When we focus on historical veracity we miss the whole point. Neither the believer nor agnostic walk away with anything instructive from such a conversation. The sceptic is left saying ‘I feel very Jewish’ and have only school fees to show for it, whilst the believer retreats his focus to the miraculous twists and turns which often defy logic and lead to no inspiration whatsoever.
Take for instance this week’s reading, Parshat Mikeitz, which is all about the meteoric rise of Yosef from fancy slave boy in the royal dungeon to second in command to Pharaoh himself. Instead of asking ‘was Yosef real and how to prove it’ we should be asking is if what Yosef teaches us is worthwhile.
We’re told he was a spoilt kid who got under the skin of his brothers enough that they sold him as a slave after initially deciding to kill him. He was smart, dashing, and a natural leader. So far no great resume. That he resisted Potifar’s wife at great cost does show a man of integrity. But it’s his interpretation of Pharaoh’s dream and its actualisation that takes him to the league of the true greats.
Though that may sound like I’ve become a tarot card reading astrologist, I haven’t. think that Yosef’s interpretation of Pharaoh’s dream was the greatest thing ever. Yosef could have advised Pharaoh that they could make a killing but he needs partnership before he shares. The plan was simple. Pharaoh alone had the resources and authority to construct the storehouses for the lean years, this was the opportunity to turn the enterprise into an auction. Let those with the most money live, making the ruling class fabulously wealthy, others be damned. After his near-death experience at the hands of his brothers, we would even understand.
Instead he suggested they plan to save the entire population. He personally supervises the handouts and no one is turned away. The food is made available for Egyptians and foreigners alike. Yosef was a humanist, probably a socialist, and most definitely a universalist.
How different is the current state of affairs? Whilst it is true there is a lower percentage of the world’s population dying from hunger literally or close enough, we are still talking about billions of people who suffer in that way. When our planet has more than enough resources to go around, it is human greed that gets in the way.
Yosef epitomised the notion of responsibility to others.

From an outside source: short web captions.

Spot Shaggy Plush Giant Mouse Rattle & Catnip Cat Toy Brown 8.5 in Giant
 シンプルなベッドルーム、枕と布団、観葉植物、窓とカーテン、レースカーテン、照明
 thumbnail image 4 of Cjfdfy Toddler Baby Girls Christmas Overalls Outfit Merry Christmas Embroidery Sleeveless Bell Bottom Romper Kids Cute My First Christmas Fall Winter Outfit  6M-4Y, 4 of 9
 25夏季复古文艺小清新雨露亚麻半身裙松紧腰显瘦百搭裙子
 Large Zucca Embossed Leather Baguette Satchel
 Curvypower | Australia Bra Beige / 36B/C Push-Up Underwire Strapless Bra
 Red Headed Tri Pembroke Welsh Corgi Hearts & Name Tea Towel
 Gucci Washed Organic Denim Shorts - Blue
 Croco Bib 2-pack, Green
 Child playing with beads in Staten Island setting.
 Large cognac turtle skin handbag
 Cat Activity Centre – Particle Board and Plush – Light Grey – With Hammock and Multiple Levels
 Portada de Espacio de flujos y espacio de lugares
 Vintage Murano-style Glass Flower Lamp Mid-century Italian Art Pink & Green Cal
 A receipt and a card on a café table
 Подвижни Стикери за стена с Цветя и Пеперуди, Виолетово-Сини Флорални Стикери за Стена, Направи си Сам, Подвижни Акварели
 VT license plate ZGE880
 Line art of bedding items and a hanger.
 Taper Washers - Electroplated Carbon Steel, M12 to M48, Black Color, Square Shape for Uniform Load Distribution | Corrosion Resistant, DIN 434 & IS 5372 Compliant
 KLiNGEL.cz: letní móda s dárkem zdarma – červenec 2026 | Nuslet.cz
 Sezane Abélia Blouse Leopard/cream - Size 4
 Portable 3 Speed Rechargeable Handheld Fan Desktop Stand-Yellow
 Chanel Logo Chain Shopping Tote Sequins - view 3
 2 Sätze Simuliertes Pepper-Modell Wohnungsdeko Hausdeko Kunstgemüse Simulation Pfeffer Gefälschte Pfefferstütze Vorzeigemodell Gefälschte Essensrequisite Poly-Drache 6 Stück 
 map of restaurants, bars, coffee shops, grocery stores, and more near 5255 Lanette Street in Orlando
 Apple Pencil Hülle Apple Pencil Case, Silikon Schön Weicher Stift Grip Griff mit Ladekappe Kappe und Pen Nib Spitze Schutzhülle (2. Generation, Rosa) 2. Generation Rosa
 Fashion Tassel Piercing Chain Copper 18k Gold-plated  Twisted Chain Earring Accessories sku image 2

Why is Yosef such a great guy leading to some opinions Mashiach will come from him? Because he believed we must not hog all the resources. Our last level luxury item should not come before the bread and water of someone in India or Africa. As a collective, we should be promoting to leadership those politicians who show the same empathy as Yosef did to the worst off, even foreigners. Why then is Foreign Aid of the West in such sharp decline?
How different it is when the richest economy on earth sends troops to the border to block entry to a group of the most destitute. The relevant president might shoot back and say that, like Yosef, he is the smartest person in the world. The part about integrity he would clumsily avoid, but the troop movement he will defend. Didn’t Yosef accuse the foreigners of being criminals?! Clearly then, he and I are of one mind.
The truth is that Yosef falsely accusing them was really only a bit of a prank on them. After all, they did nearly kill him and sold him off to suffer miserably. But he wasn’t serious! Accusing a hungry, destitute mass of humanity baselessly is the meanest nastiest thing one can do.
And so whether Yosef was a historical figure corroborated by extra-biblical sources is not really important. What is of profound relevance is the Torah’s message of our responsibility to our fellow human beings.